About this task: A single stretch of the material below is to be transcribed exactly, starting at the line with "Louis Vuitton Monogram" and ending after the line with "Foto del edificio".

_____

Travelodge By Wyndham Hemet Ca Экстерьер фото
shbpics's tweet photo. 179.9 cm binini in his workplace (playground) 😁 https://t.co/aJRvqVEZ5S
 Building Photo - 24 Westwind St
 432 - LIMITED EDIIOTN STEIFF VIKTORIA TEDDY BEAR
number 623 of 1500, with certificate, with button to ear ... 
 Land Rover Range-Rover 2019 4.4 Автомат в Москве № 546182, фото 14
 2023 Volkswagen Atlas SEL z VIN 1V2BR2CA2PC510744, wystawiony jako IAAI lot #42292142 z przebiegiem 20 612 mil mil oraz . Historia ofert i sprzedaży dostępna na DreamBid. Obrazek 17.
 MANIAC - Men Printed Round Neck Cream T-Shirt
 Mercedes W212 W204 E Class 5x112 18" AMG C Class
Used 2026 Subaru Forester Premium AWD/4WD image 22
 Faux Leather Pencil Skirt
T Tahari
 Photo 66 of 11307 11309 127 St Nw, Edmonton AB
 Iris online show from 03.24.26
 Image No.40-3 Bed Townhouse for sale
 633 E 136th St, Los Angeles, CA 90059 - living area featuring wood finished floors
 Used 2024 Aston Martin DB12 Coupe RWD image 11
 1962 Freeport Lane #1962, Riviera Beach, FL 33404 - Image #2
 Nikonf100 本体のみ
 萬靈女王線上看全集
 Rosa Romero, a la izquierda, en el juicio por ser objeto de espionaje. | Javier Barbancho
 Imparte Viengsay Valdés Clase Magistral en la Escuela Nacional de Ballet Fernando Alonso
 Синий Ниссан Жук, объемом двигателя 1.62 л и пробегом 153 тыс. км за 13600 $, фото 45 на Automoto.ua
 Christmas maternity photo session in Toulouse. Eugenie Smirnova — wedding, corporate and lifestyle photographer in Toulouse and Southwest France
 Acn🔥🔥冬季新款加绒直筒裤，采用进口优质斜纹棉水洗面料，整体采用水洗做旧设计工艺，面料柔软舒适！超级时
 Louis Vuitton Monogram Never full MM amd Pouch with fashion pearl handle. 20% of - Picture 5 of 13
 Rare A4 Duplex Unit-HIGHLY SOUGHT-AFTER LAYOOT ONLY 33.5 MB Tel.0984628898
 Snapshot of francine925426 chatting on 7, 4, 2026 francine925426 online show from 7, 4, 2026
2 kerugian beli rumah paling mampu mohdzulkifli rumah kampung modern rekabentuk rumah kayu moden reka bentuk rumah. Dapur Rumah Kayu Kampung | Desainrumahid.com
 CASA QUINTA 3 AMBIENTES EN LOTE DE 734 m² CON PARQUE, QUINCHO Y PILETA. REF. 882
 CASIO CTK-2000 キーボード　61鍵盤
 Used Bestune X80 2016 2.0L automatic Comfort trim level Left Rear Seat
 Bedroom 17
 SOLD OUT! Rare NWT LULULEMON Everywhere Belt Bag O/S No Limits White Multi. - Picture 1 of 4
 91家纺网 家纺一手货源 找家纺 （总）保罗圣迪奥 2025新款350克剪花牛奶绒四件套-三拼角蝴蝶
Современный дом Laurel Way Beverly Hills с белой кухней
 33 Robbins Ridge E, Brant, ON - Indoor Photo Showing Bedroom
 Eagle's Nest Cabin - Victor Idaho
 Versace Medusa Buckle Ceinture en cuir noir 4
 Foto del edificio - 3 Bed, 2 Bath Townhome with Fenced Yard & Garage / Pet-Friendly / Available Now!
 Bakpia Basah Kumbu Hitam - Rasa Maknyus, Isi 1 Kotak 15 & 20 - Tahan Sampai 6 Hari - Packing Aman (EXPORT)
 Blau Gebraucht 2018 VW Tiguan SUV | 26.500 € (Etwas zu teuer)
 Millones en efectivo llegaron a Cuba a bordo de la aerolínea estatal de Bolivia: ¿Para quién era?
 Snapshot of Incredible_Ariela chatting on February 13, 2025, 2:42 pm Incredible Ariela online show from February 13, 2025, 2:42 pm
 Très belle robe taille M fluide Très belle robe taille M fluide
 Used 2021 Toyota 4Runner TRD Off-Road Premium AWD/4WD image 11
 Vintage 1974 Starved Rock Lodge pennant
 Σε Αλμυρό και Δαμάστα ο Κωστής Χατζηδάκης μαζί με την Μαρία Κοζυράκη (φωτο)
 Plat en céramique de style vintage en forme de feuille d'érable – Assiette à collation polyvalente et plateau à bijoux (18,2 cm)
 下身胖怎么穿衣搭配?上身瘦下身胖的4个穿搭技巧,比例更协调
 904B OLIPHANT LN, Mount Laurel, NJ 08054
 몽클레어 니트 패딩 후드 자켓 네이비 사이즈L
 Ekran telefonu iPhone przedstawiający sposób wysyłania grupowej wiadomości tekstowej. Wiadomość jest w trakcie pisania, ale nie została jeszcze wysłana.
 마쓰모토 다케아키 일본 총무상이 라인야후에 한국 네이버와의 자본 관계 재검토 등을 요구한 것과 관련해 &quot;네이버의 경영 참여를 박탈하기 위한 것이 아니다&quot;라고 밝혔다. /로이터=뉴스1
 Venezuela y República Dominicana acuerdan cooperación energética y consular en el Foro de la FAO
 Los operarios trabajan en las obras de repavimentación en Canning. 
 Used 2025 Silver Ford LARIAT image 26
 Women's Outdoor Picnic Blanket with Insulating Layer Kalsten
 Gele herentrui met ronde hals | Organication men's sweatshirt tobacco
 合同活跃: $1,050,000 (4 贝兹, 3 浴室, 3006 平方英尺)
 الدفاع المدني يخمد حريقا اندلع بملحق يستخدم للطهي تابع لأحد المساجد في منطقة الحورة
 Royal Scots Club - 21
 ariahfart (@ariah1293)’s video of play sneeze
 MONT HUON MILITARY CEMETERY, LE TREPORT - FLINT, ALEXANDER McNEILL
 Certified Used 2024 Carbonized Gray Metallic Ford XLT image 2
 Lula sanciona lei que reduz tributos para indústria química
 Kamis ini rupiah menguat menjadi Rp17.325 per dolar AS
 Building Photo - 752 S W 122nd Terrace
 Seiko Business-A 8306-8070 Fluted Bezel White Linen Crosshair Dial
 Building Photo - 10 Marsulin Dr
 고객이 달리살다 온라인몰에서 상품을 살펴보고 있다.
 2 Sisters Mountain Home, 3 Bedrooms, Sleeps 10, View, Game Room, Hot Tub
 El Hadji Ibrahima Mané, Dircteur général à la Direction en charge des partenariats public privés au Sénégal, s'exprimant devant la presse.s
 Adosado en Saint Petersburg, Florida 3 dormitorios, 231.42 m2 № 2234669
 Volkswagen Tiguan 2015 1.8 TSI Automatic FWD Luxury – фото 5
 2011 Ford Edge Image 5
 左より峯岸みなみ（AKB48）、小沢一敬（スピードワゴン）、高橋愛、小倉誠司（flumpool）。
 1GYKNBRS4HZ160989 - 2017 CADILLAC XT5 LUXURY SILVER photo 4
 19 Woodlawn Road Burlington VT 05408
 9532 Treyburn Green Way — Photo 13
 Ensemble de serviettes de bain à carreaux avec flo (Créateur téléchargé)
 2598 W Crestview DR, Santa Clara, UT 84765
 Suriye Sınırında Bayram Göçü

_____

Your solution:
 Louis Vuitton Monogram Never full MM amd Pouch with fashion pearl handle. 20% of - Picture 5 of 13
 Rare A4 Duplex Unit-HIGHLY SOUGHT-AFTER LAYOOT ONLY 33.5 MB Tel.0984628898
 Snapshot of francine925426 chatting on 7, 4, 2026 francine925426 online show from 7, 4, 2026
2 kerugian beli rumah paling mampu mohdzulkifli rumah kampung modern rekabentuk rumah kayu moden reka bentuk rumah. Dapur Rumah Kayu Kampung | Desainrumahid.com
 CASA QUINTA 3 AMBIENTES EN LOTE DE 734 m² CON PARQUE, QUINCHO Y PILETA. REF. 882
 CASIO CTK-2000 キーボード　61鍵盤
 Used Bestune X80 2016 2.0L automatic Comfort trim level Left Rear Seat
 Bedroom 17
 SOLD OUT! Rare NWT LULULEMON Everywhere Belt Bag O/S No Limits White Multi. - Picture 1 of 4
 91家纺网 家纺一手货源 找家纺 （总）保罗圣迪奥 2025新款350克剪花牛奶绒四件套-三拼角蝴蝶
Современный дом Laurel Way Beverly Hills с белой кухней
 33 Robbins Ridge E, Brant, ON - Indoor Photo Showing Bedroom
 Eagle's Nest Cabin - Victor Idaho
 Versace Medusa Buckle Ceinture en cuir noir 4
 Foto del edificio - 3 Bed, 2 Bath Townhome with Fenced Yard & Garage / Pet-Friendly / Available Now!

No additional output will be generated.